Task prompt: Return the full set of entries precisely. Do not carry over any pictures.

[Image-caption web data]
▬▬▬

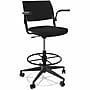 NIMA Fabric Drafting Stool with Footrest and Lumbar Support, Black (PSF1170)~#|#~sp319911878_sc7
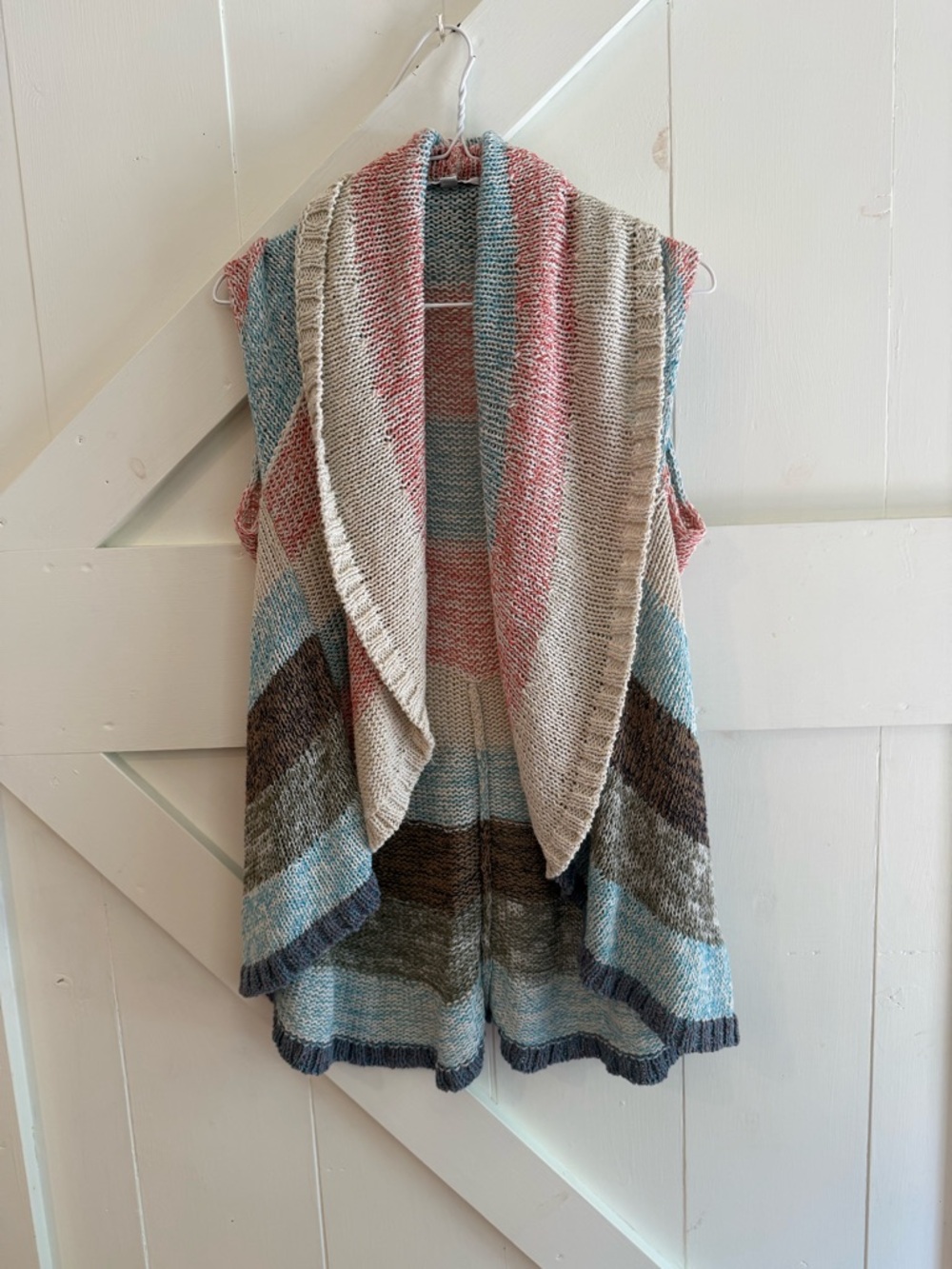 CAbi Striped Sleeveless Open Front Knit Cardigan Vest Shawl Collar Size Medium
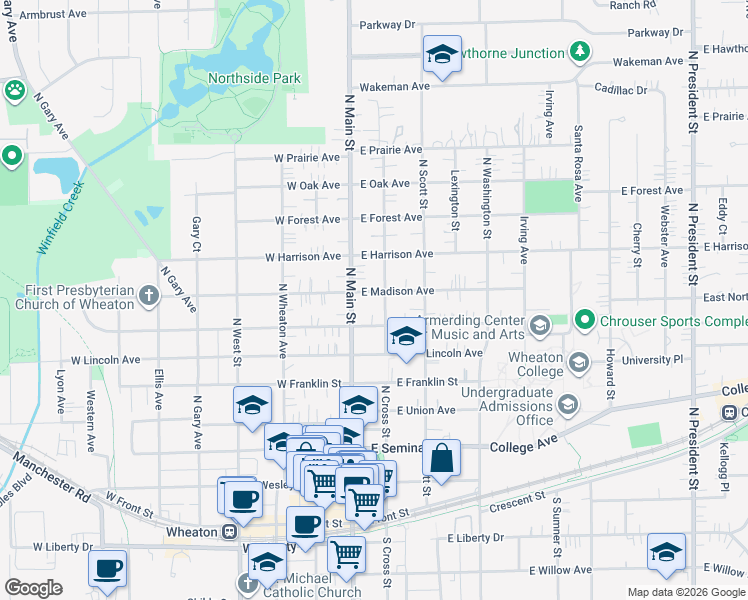 map of restaurants, bars, coffee shops, grocery stores, and more near 808 North Cross Street in Wheaton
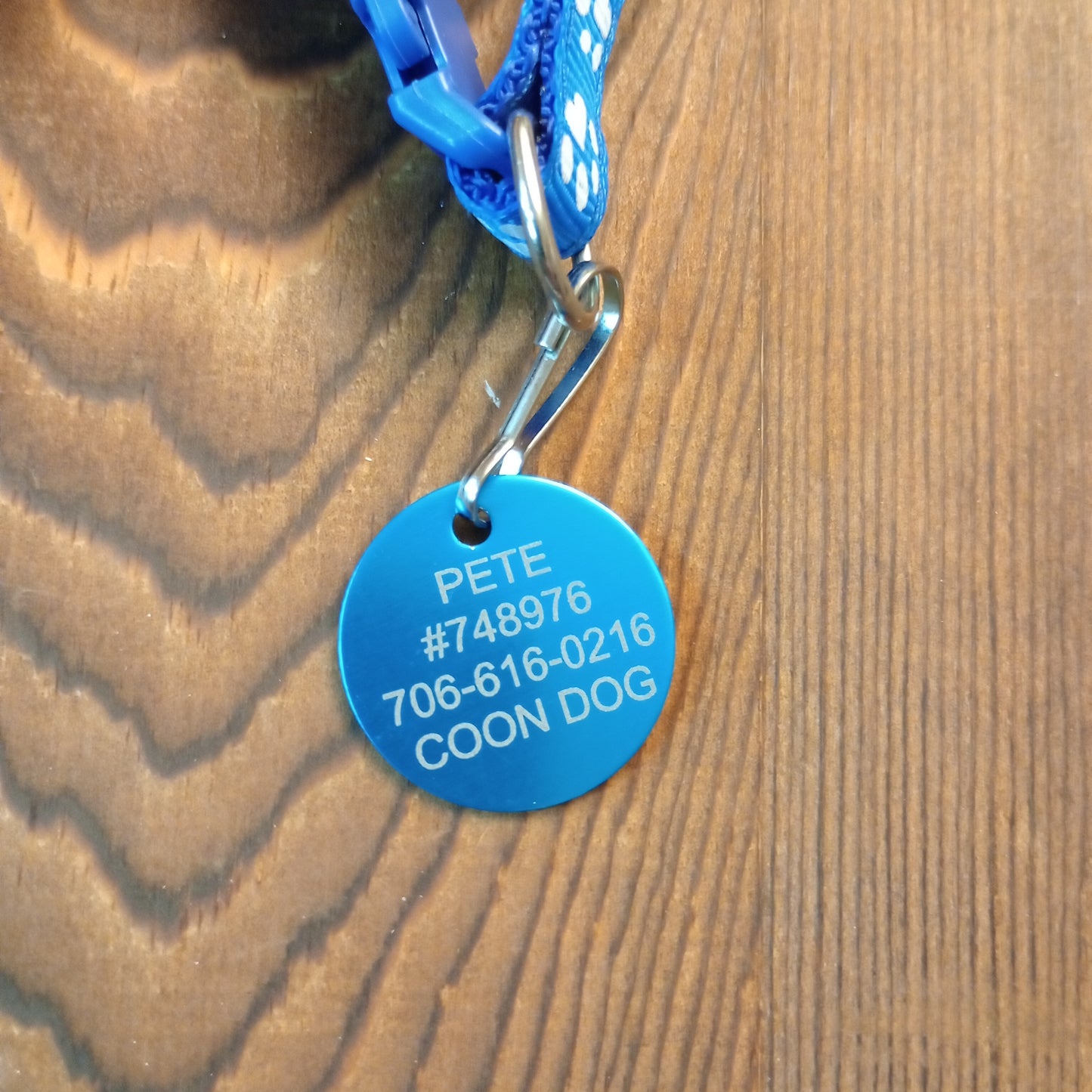 Light Blue Round Pet Tag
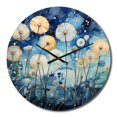 thumbnail image 2 of Designart "Blue Dandelion landscape Pointillism Dot II" Landscapes Oversized Wall Clock, 2 of 6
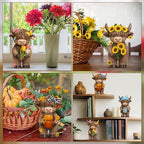 Simgoing 4 Pcs Seasonal Highland Cow Figurines, Spring Summer Fall Winter Gnomes 4 Seasons Highland Cow Home Decor Table Centerpieces Scottish Resin Statue Calf Gifts for Home Garden Kitchen Office - Image 6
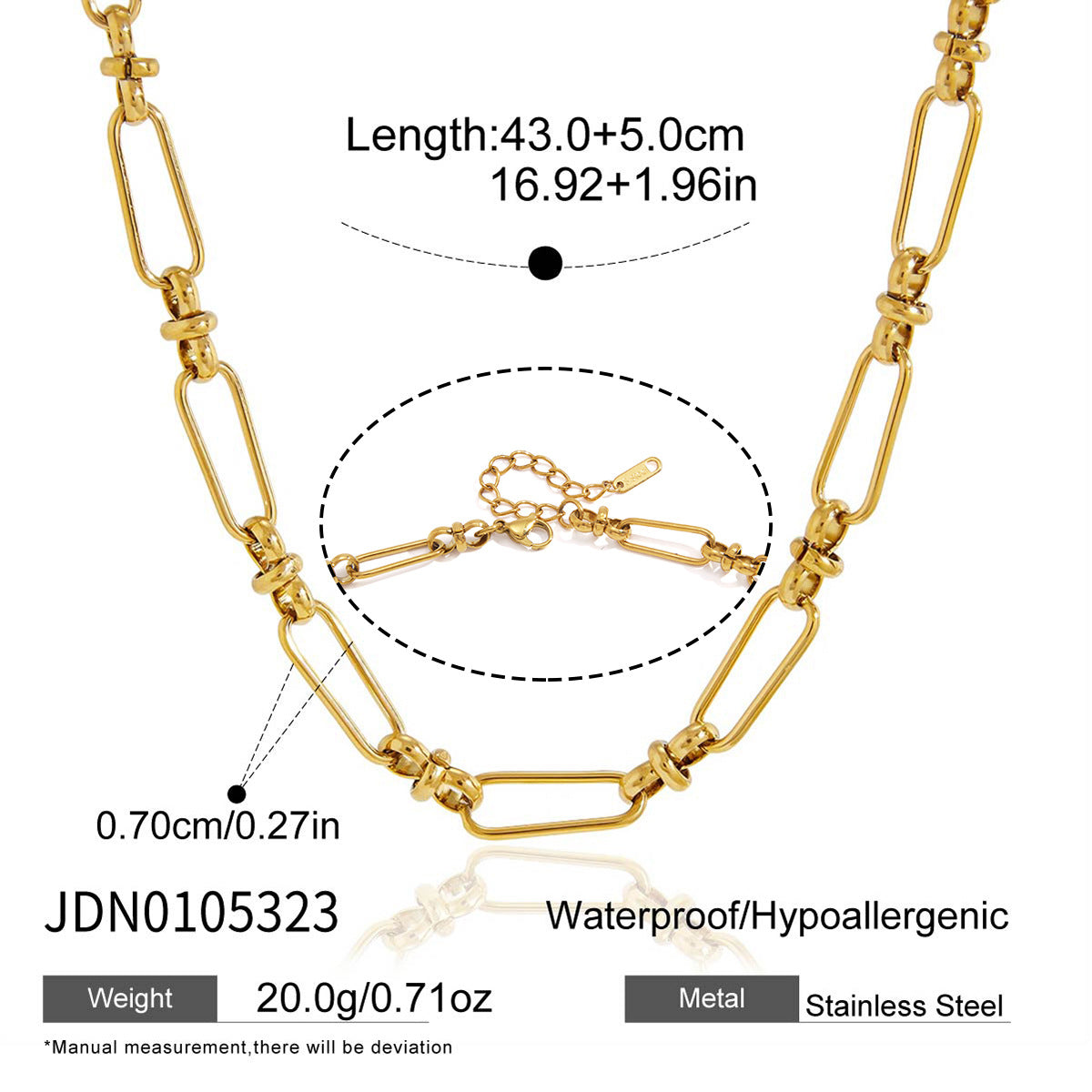 Long rectangular link chain with connecting details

▬▬▬

Solved problem:
 NIMA Fabric Drafting Stool with Footrest and Lumbar Support, Black (PSF1170)~#|#~sp319911878_sc7
 CAbi Striped Sleeveless Open Front Knit Cardigan Vest Shawl Collar Size Medium
 map of restaurants, bars, coffee shops, grocery stores, and more near 808 North Cross Street in Wheaton
 Light Blue Round Pet Tag
 thumbnail image 2 of Designart "Blue Dandelion landscape Pointillism Dot II" Landscapes Oversized Wall Clock, 2 of 6
 Simgoing 4 Pcs Seasonal Highland Cow Figurines, Spring Summer Fall Winter Gnomes 4 Seasons Highland Cow Home Decor Table Centerpieces Scottish Resin Statue Calf Gifts for Home Garden Kitchen Office - Image 6
 Long rectangular link chain with connecting details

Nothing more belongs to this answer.